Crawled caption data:
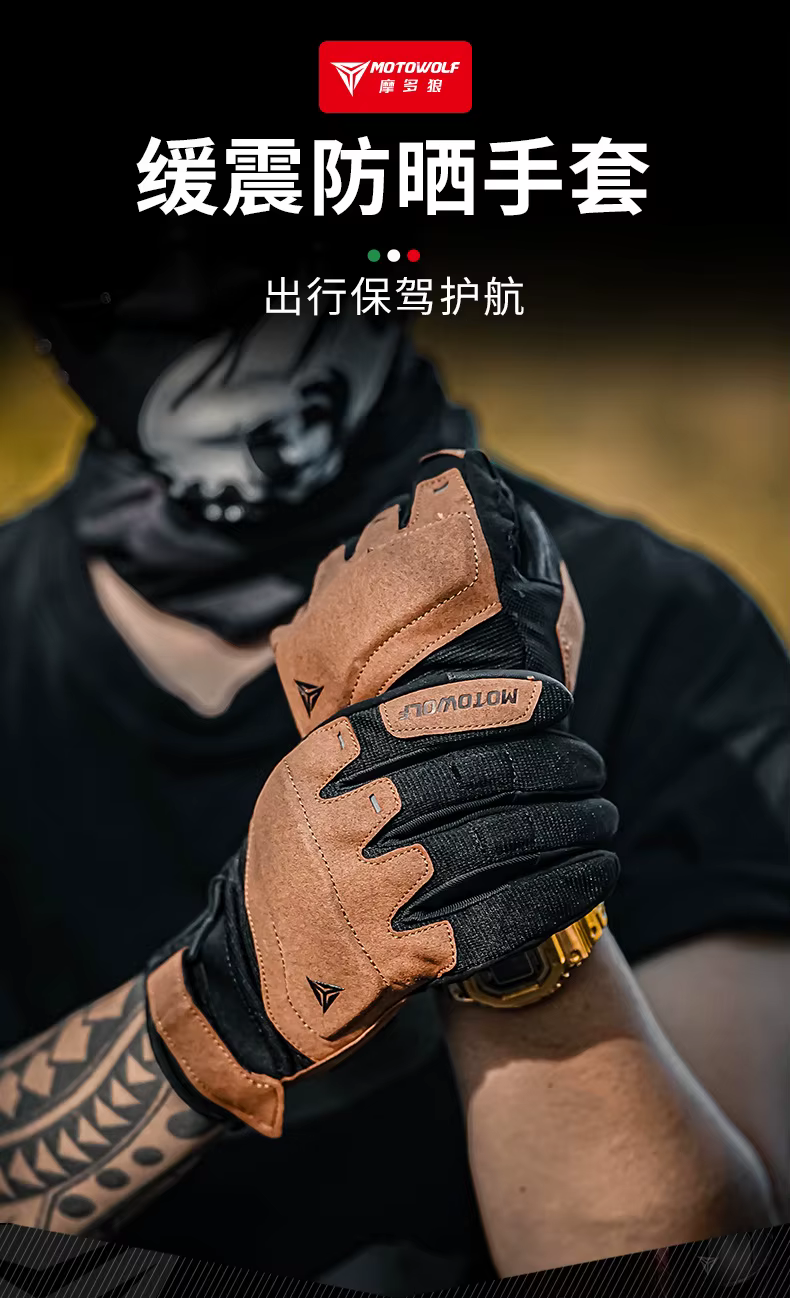 Detalle de los guantes retro para motocicleta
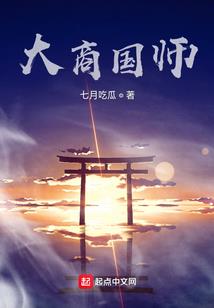 远古魂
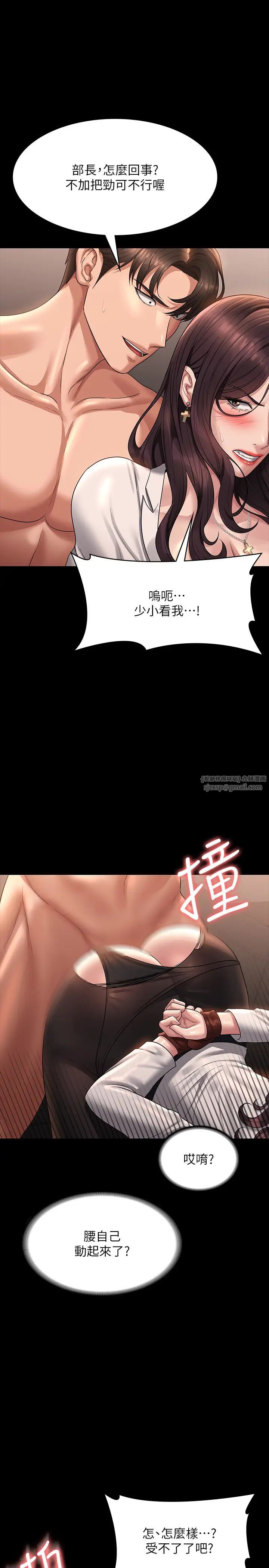 《超級公務員》漫画 第134話-使用新技能讓女王屈服
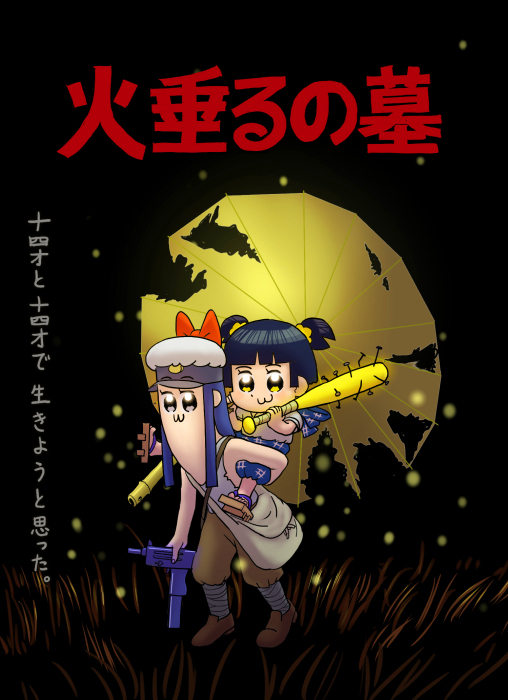 2girls :3 baseball_bat bkub_(style) black_hair blue_hair gun hair_ornament hair_scrunchie hotaru_no_haka imi_uzi mash-777 multiple_girls nail nail_bat pipimi poptepipic popuko scrunchie studio_ghibli submachine_gun two_side_up weapon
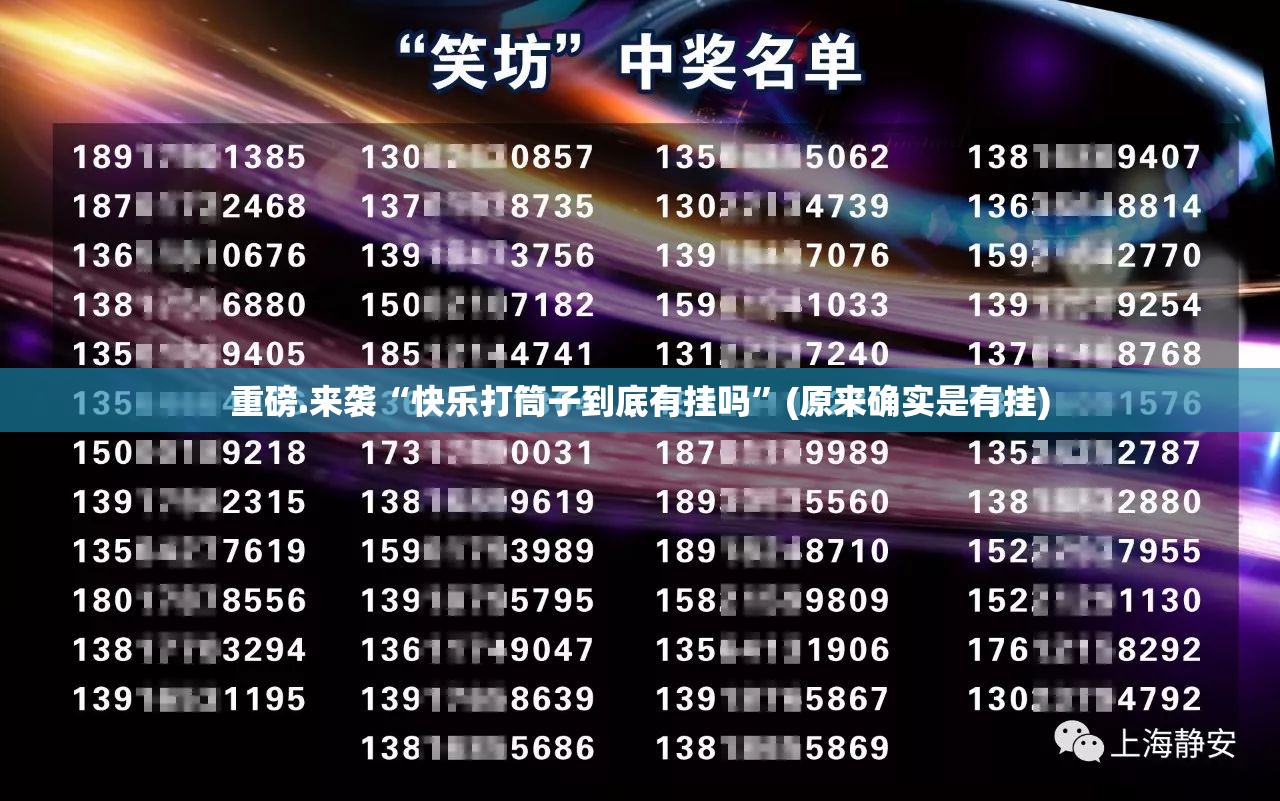 重磅.来袭“快乐打筒子到底有挂吗”(原来确实是有挂)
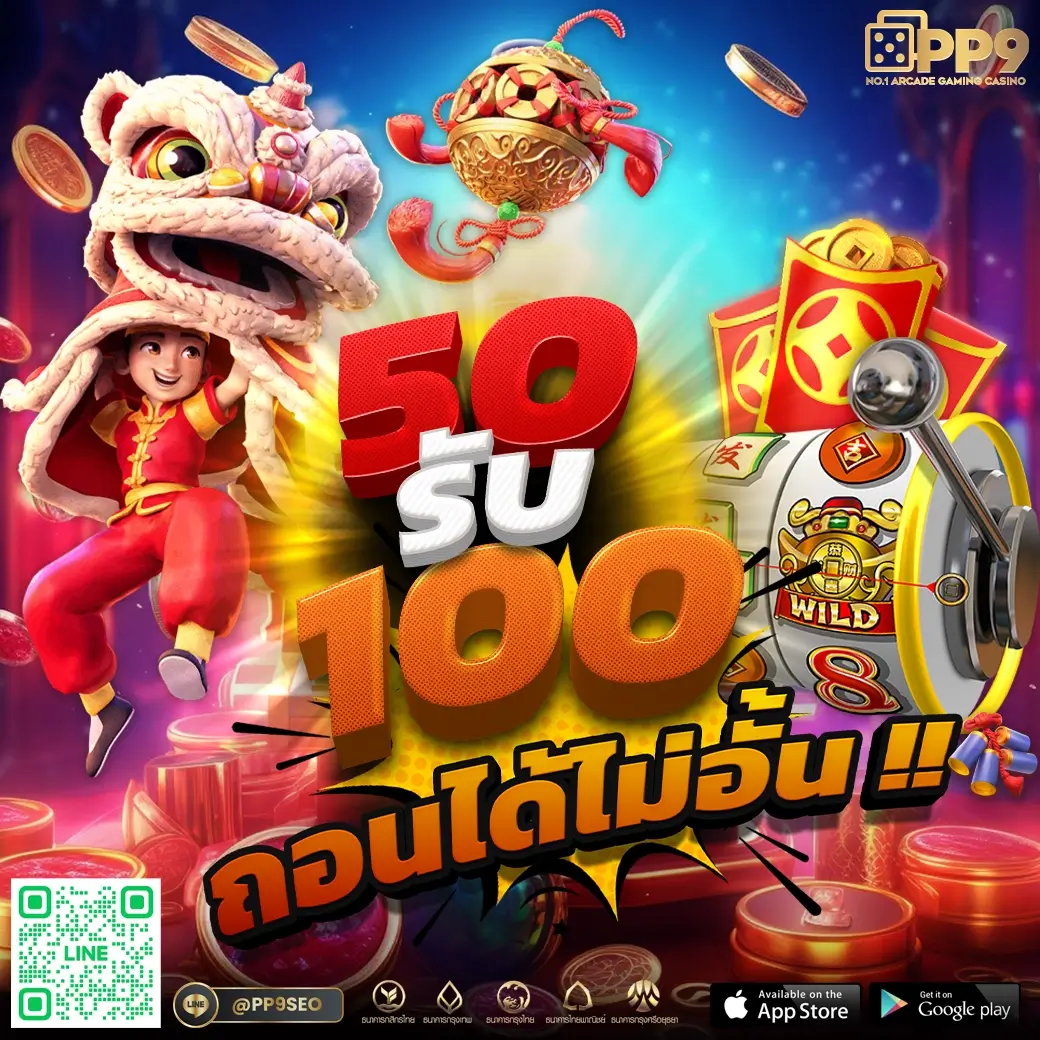 ap123สล็อต คาสิโนอันดับหนึ่ง บริการครบ จบในเว็บเดียว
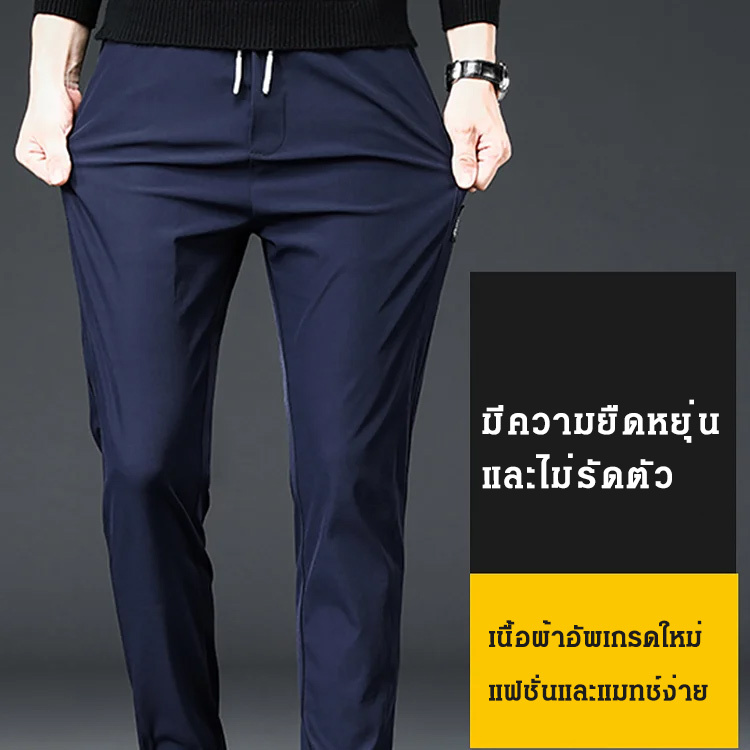 กางเกงขายาวทรงตรงสไตล์ธุรกิจ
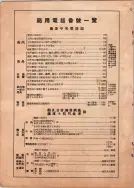 昭和13年4月1日現在横浜市電話番号簿 0010ページのサムネイル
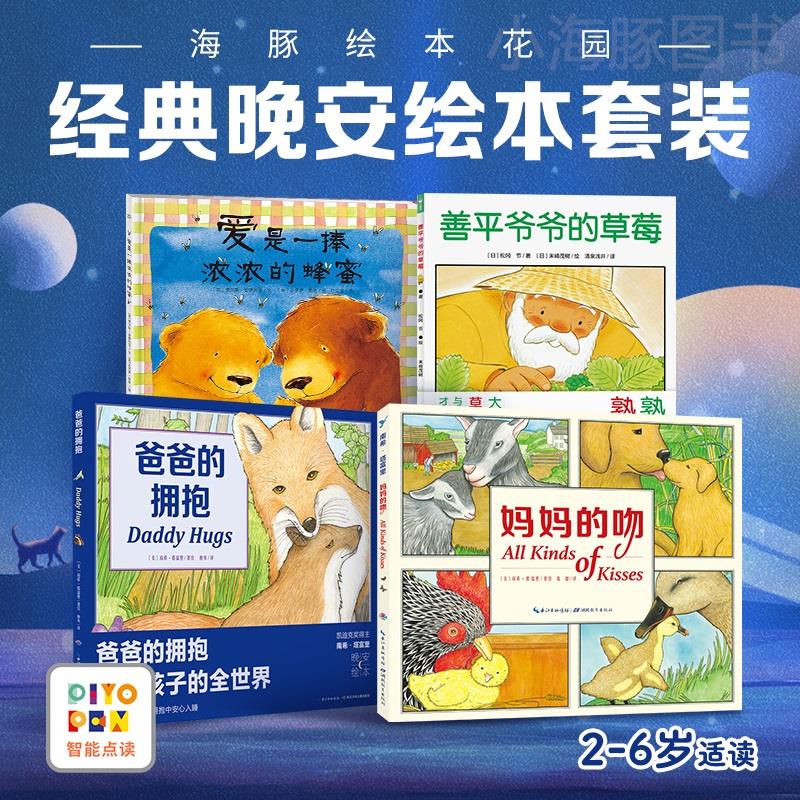 【海豚童书】绘本妈妈的吻善平爷爷的草莓小鸡球球点读书0-3-6儿童图画故事书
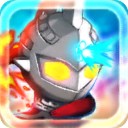 奥特曼兄弟联手手机版 v1.21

WORK TASK:
Only one thing is required here: an exact copy of the lines from the one bearing "昭和13年4月1日現在横浜市電話番号簿 0010ページのサムネイル" through the final line above, both included, with pictures left out.

ANSWER TO THE EXERCISE:
 昭和13年4月1日現在横浜市電話番号簿 0010ページのサムネイル
 【海豚童书】绘本妈妈的吻善平爷爷的草莓小鸡球球点读书0-3-6儿童图画故事书
 奥特曼兄弟联手手机版 v1.21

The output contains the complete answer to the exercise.